The second technique is parametric estimation.  Parametric estimation is generally an estimation technique (as opposed to a budget or a plan, although many commercial products also include planning features) that generates an estimate based on historical data of productivity, staffing and quality that is used to create a set of equations.  These equations are then fed information about the size of the project (IFPUG Function Points for example), project complexity and the predicted capabilities of the team.  Tools like SEER-SIM and COCOMO II are parametric estimation tool. The strengths of parametric estimates are derived from the historical performance data they use to generate the estimates and the enforced rigorous estimation process.  The weakness of any parametric based estimation model is that they require the estimator generate, or have access to, a numerical size which can add overhead to the project or take time that would be better spent building the software.  We have discussed the fallacy of these issues in the discussion of IFPUG function points.  A bigger issue exists when there is no historical data that can be used to generate the productivity equations.  When no data exists I would recommend seeking external data (many firms, including the David Consulting Group – my day job – and ISBSG can sell or help you with this issue).  When no trustworthy data exists, parametric estimation does not make sense.

Work breakdown structures are the third category.  This category is generally used for planning, and some cases, as means of building a bottom-up estimate.  In this category a planner or team will generate a list of tasks need to complete the job. The level of granularity of the tasks can vary greatly – I had a colleague that planned tasks at an hourly increment. Constraints, staffing and sequence can be added to the plan to generate schedule.  The sprint backlog used in Scrum is a form of this technique.  The power of the techniques are derived from a focus on what is to be done, by whom and when at an actionable level of detail. The problem is that you need an incredible amount of information about the project and project team to be able to generate an accurate task list let alone an accurate project schedule.  It is well known that the amount of data needed for this technique is generally only accurately known over short time horizons. However, I have seen processes that require detailed schedules for long projects up to a year before they are scheduled to start.   These techniques are best use for deriving short term plans.

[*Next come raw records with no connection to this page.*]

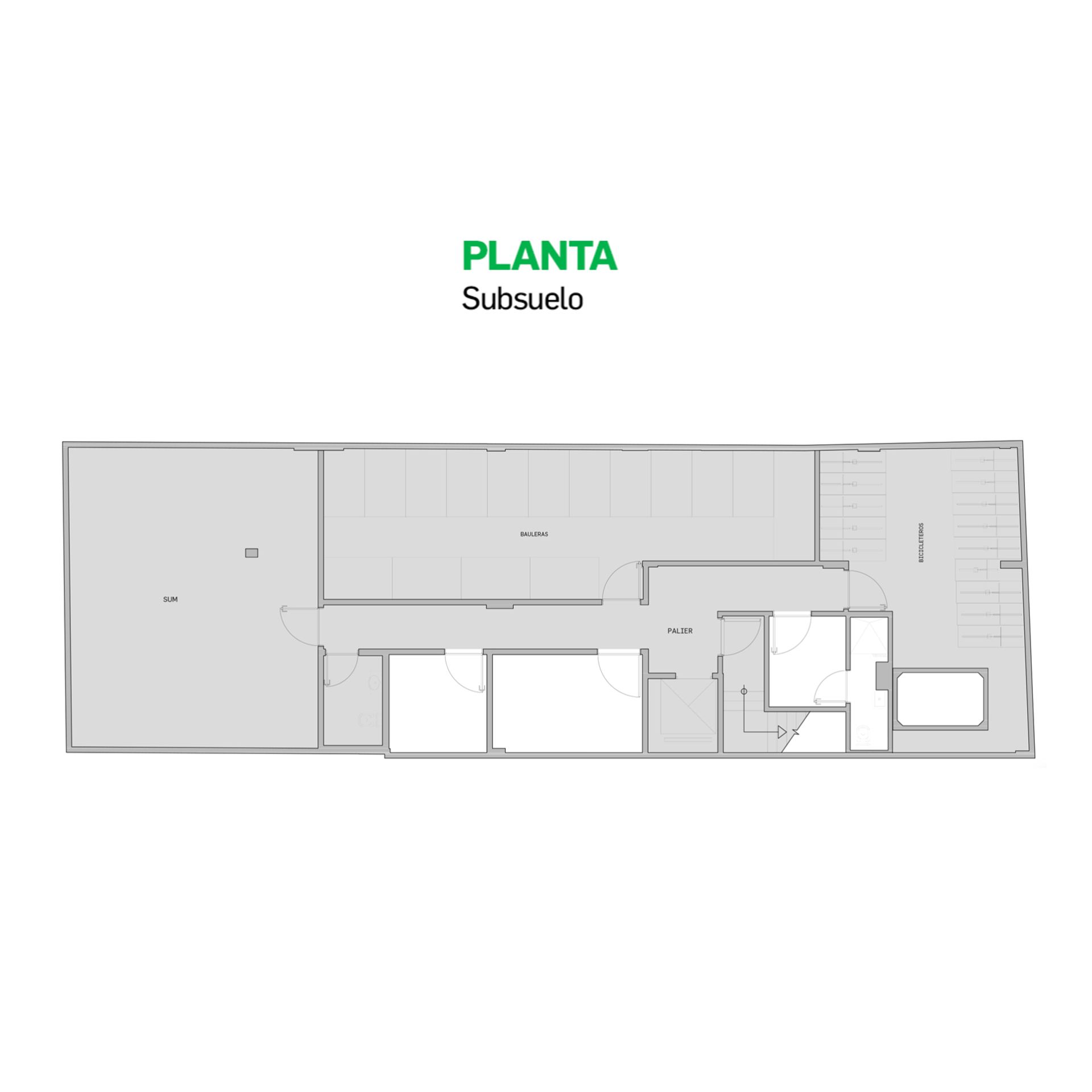 Depto Venta Monoambiente Belgrano A Estrenar - 12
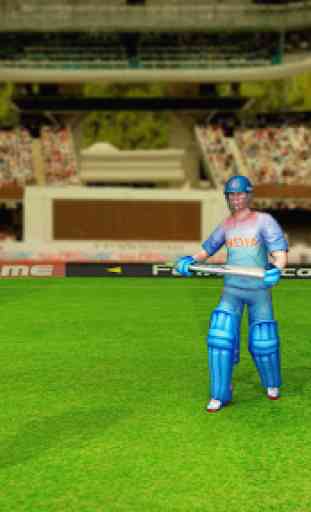 World Cricket Cup 2019 Game: Live Cricket Match 3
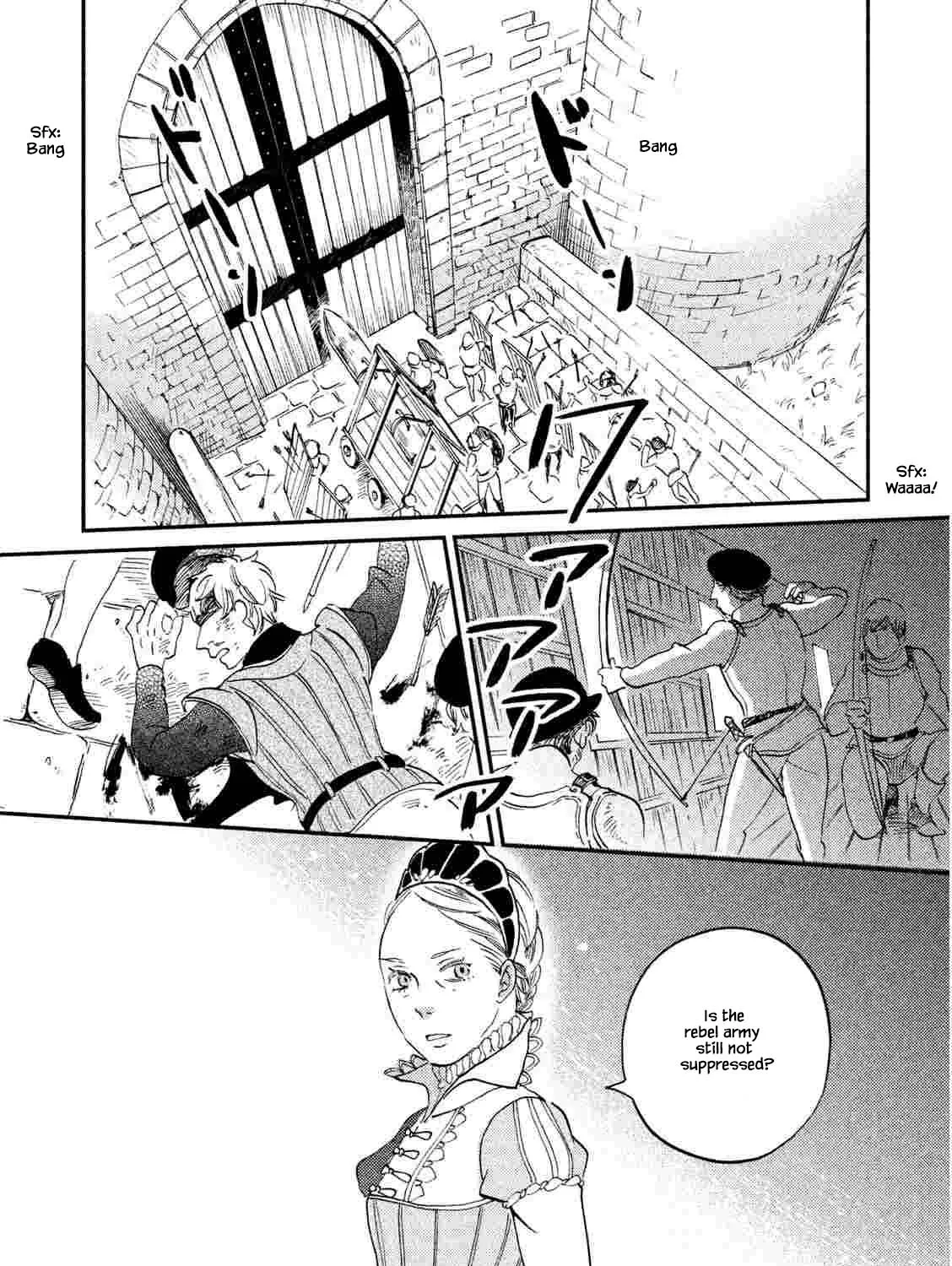 Oukoku no Ko - Page 32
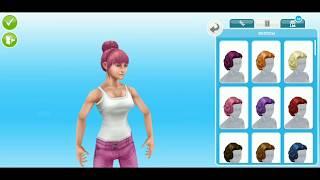 The sims freeplay Постройка дома для Молодой семьи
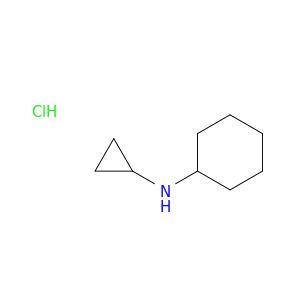 N-环己基-N-(环丙基)胺盐酸盐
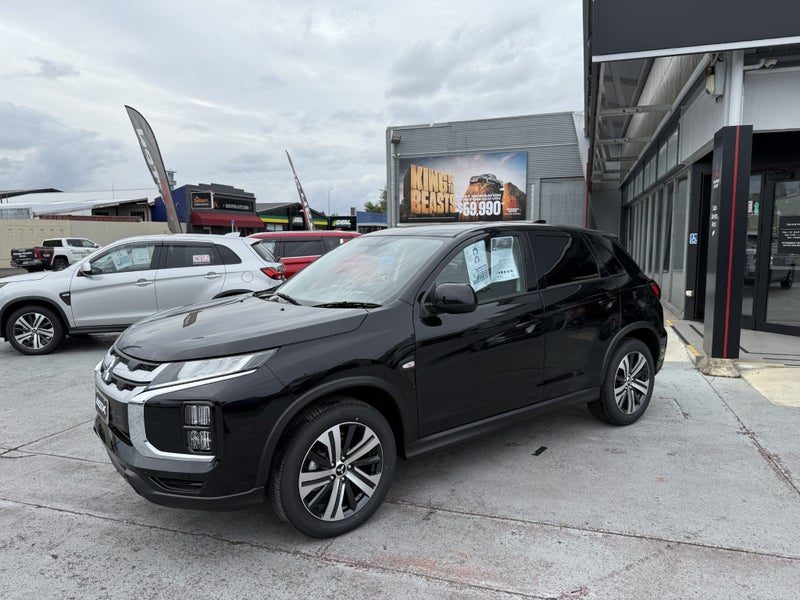 2026 Mitsubishi ASX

Most IT organizations tend to fixate on one of these categories of techniques however organizations that understand differences between a budget, an estimate and a plan will use techniques from all three categories.  Using the data and knowledge gained from using each tool or technique as a feedback loop to improve the performance of all the techniques the use.  For example, an organization I recently spoke with uses both parametric and expert techniques to generate estimates on critical projects.  Both techniques cause the estimation team to surface different assumptions that need to be understood when deciding which work can be done and how much money to ask for from the business.